General consensus on a few review sites seems to be that they're a decent beginner binding. I can't seem to find the year on them, but they seem a bit... Antiquated. You absolutely sure they're 2016? Just from looking at them, they look like early 2000s vintage. Some other sites I found them on, they were being reviewed alongside some very obvious 2000ish boards. Could be a throwback aesthetic type of thing, but those don't look like anything I've ever seen by Salomon in recent years. I would also think it'd be easier to find info on something only a couple seasons old. Seems questionable to me.


----------



## snowklinger (Aug 30, 2011)

dont pay more than 50 bucks imo, thats a very cheap binding new.


----------



## timmytard (Mar 19, 2009)

Bataleon85 said:


> General consensus on a few review sites seems to be that they're a decent beginner binding. I can't seem to find the year on them, but they seem a bit... Antiquated. You absolutely sure they're 2016? Just from looking at them, they look like early 2000s vintage. Some other sites I found them on, they were being reviewed alongside some very obvious 2000ish boards. Could be a throwback aesthetic type of thing, but those don't look like anything I've ever seen by Salomon in recent years. I would also think it'd be easier to find info on something only a couple seasons old. Seems questionable to me.


Yup, those are old ass bindings.

Never tried em before, not saying they're bad.
But old yes, they are that.


TT


----------



## Bataleon85 (Apr 29, 2017)

timmytard said:


> Yup, those are old ass bindings.
> 
> Never tried em before, not saying they're bad.
> But old yes, they are that.
> ...


The first giveaway was the toe strap. Nobody makes over the boot anymore. 

Sent from my SM-G935T using Tapatalk


----------



## vuong (Feb 1, 2018)

I had a pair of these a while ago, they're from 2001 ish. As someone said before, they're ok for beginners.


----------



## lab49232 (Sep 13, 2011)

2016? HAHAHA There's a special place in hell for people who blatantly lie about the product they're selling to try and take advantage of uninformed consumers. But then again it's morally wrong to let a sucker keep their money so...


----------



## linvillegorge (Jul 6, 2009)

The only fair price for those bindings is free.


----------



## thirtytwoBelow (Oct 10, 2018)

does anyone know what is the flex rating for these bindings?


----------



## KPJD (Dec 27, 2020)

Rebekah Kim said:


> I'm planning to buy brand new *Salomon S3 bindings* from someone (they're unused) from 2016.
> But i can't seem to find reviews/forums on them online.
> Any opinions on them?


They aren't worth much and like most have said are probably from early 2000s but I have a pair and they are the best bindings I have ever used. I have had a pair of Burton bindings and a pair of Forum bindings over the years. Both had issues at different times but the Salomons have never failed me I still ride then now in 2020.


----------



## WigMar (Mar 17, 2019)

This thread is pretty old. I'm sure the OP has sorted out their bindings by now. Glad to hear those are still reliable for you. Being comfortable with your equipment is important, but if you're still riding these bindings there's probably performance gains to be found in more modern equipment.


----------



## KPJD (Dec 27, 2020)

WigMar said:


> This thread is pretty old. I'm sure the OP has sorted out their bindings by now. Glad to hear those are still reliable for you. Being comfortable with your equipment is important, but if you're still riding these bindings there's probably performance gains to be found in more modern equipment.

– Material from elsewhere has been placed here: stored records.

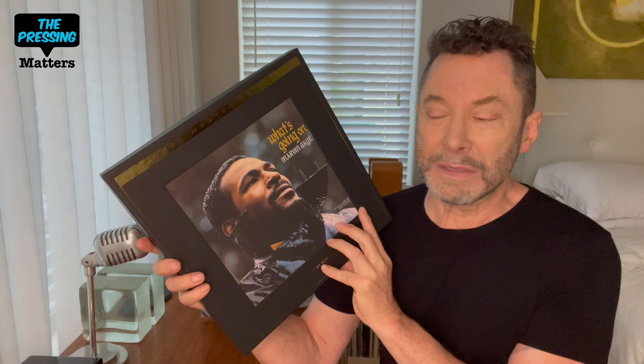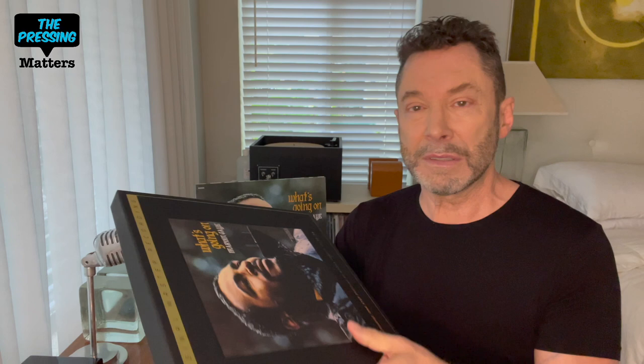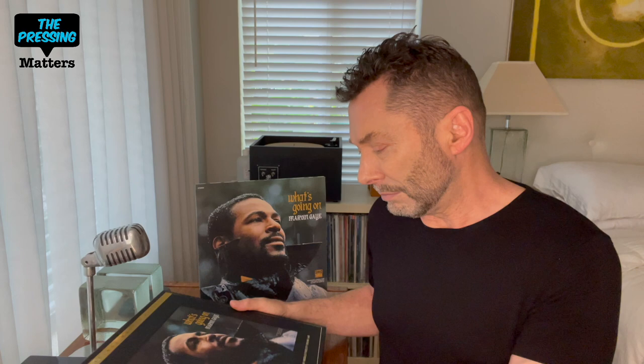One of the things we can get out of the way right at the beginning is the MoFi One Step. This was fairly early on in the One Step series, before they fixed the jackets and started using Super Vinyl. Mastering this on 45 really breaks up the flow of the album, and to me this is crucial — no matter how nice the package, the vinyl, or even the mastering.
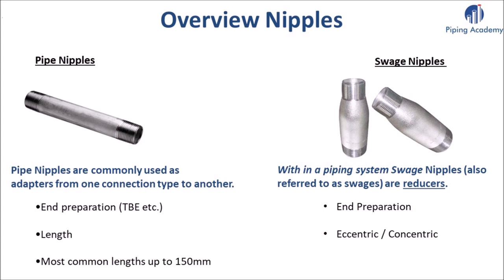On the right hand side you can see swage nipples. Swage nipples within a piping system are reducers. Same as with pipe nipples, it is very important that you indicate what end preparation you want for your swage nipple. And since they are reducers, it is important to specify whether you want an eccentric or a concentric one.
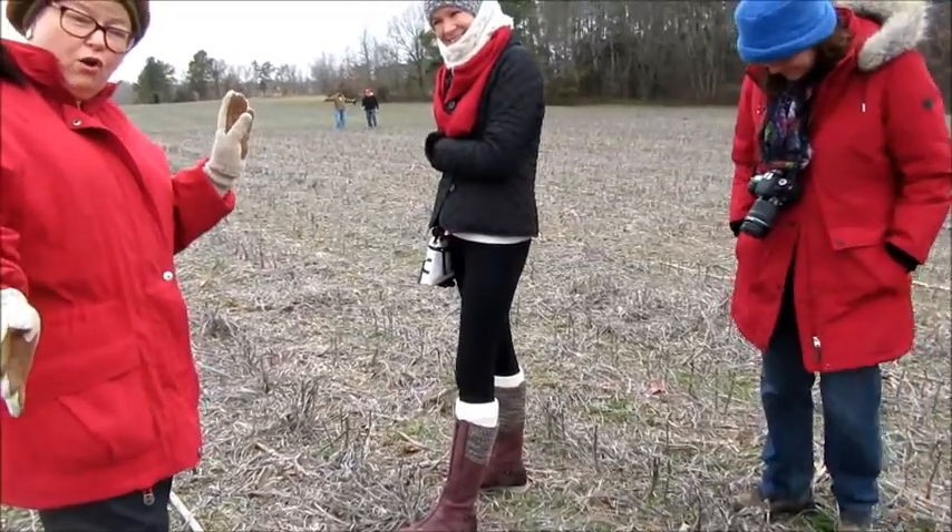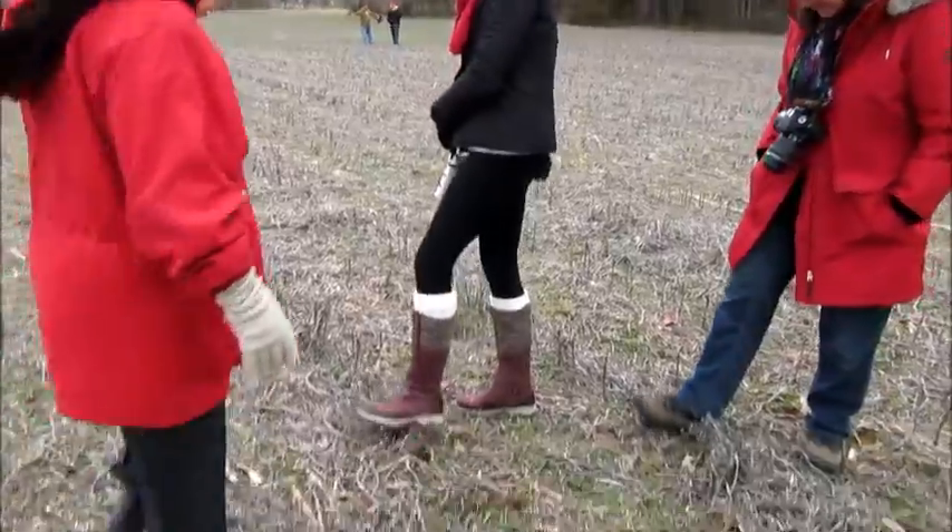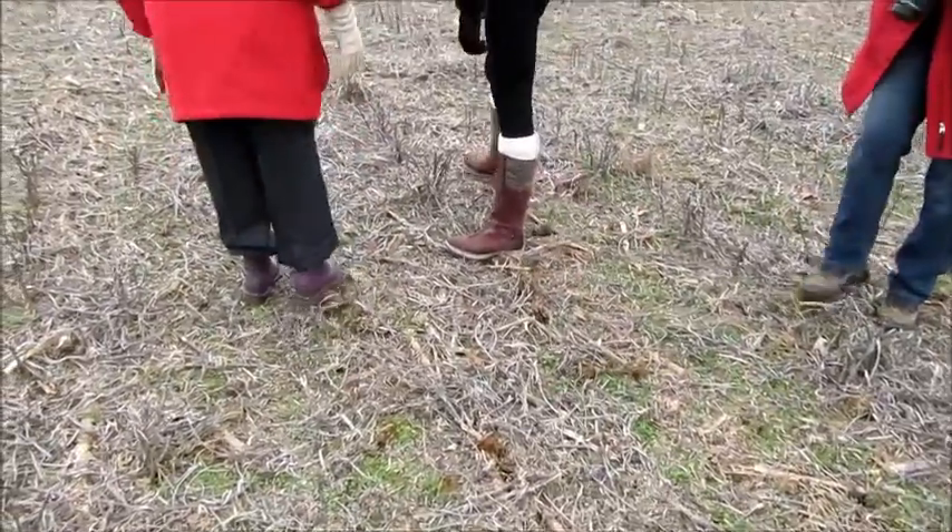Doing your own site prep. Alright, here we go, we are rolling. Bean stalks — they push right over. Not a big deal.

100% but the gains your equipment will give you are minor compared to increased fitness and time on the mountain. As of right now I ride maybe 6-8 times a year. Until I have a season where that changes I doubt I'll change my gear to much especially when it has been so reliable.


----------



## ridethecliche (Feb 27, 2019)

KPJD said:


> 100% but the gains your equipment will give you are minor compared to increased fitness and time on the mountain. As of right now I ride maybe 6-8 times a year. Until I have a season where that changes I doubt I'll change my gear to much especially when it has been so reliable.


It hasn't been reliable... It just hasn't been used enough. 

Your gear is more in danger of having dried out straps break than it is in danger of falling apart from overuse.


----------



## WigMar (Mar 17, 2019)

KPJD said:


> 100% but the gains your equipment will give you are minor compared to increased fitness and time on the mountain. As of right now I ride maybe 6-8 times a year. Until I have a season where that changes I doubt I'll change my gear to much especially when it has been so reliable.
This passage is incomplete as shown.